Fui a bien-decir un nuevo espacio de Coyoacán, el Centro Cultural La Mano, bajo la visión de una querida amiga y colega, Jessica Rodarte. Hablo sobre «las manos» que se tienden en la industria.

Es curioso que el nuevo centro cultural de Jessica se llame la Mano, ya que ella siempre me ha tendido una mano.

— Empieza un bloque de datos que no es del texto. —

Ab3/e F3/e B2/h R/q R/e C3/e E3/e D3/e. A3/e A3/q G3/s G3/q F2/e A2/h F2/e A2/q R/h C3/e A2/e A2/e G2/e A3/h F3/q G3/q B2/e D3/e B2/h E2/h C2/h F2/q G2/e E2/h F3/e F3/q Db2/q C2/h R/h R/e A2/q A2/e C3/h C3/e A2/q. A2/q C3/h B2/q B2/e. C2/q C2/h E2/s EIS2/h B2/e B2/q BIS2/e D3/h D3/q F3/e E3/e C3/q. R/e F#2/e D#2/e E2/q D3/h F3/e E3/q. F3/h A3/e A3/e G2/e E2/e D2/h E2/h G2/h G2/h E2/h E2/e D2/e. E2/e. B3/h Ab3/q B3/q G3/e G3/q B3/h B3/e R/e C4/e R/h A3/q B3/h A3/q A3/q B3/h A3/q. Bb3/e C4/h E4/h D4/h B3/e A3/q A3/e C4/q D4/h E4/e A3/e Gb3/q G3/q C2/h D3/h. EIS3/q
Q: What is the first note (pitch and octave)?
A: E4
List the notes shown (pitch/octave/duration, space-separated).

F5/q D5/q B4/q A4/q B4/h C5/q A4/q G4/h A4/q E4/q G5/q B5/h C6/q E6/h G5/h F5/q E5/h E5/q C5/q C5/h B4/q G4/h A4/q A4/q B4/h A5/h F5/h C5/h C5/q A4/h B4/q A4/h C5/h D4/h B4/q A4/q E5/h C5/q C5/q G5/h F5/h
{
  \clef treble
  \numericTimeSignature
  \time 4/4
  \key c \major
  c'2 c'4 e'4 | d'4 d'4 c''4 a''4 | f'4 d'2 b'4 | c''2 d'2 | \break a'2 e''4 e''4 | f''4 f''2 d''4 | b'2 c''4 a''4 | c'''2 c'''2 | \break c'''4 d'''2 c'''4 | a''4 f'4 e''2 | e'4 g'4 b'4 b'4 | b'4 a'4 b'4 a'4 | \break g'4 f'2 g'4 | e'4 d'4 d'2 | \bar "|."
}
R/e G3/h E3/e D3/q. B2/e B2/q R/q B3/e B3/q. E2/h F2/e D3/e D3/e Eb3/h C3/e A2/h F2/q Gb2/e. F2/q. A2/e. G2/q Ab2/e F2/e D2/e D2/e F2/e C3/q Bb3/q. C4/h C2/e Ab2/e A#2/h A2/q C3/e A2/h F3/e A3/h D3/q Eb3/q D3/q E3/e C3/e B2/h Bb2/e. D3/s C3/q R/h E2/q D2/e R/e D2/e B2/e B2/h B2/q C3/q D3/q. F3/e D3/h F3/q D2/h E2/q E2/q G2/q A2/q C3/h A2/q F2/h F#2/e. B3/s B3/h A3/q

Desde su rol como gestora cultural, no solo ha sabido abrirme la puerta de los espacios que coordinaba, sino que más de una vez me ha contactado gente de su parte y bajo su recomendación. Y fueron contactos importantes desde el punto de vista vincular, profesional y de feeling. Siempre le agradezco que su boca pronuncie mi nombre. Debe ser porque su pulso resuena con mi pulso. No nos mueve el deber, no nos mueve el compromiso: nos movemos en la libertad.

Jessica es poeta, por eso mi alma la abraza. Poetas unidas jamás serán vencidas.

Nos vemos poco, sin embargo, estamos constantemente en el radar. Yo la nombro cuando me preguntan por espacios donde tocar, ella me nombra cuando le preguntan por artistas. Yo le tengo fe y ella me tiene fe. Y bajo el cielo de la fe, danzamos.

¡Vivan las amistades del camino, las flores del camino, y el mismísimo camino!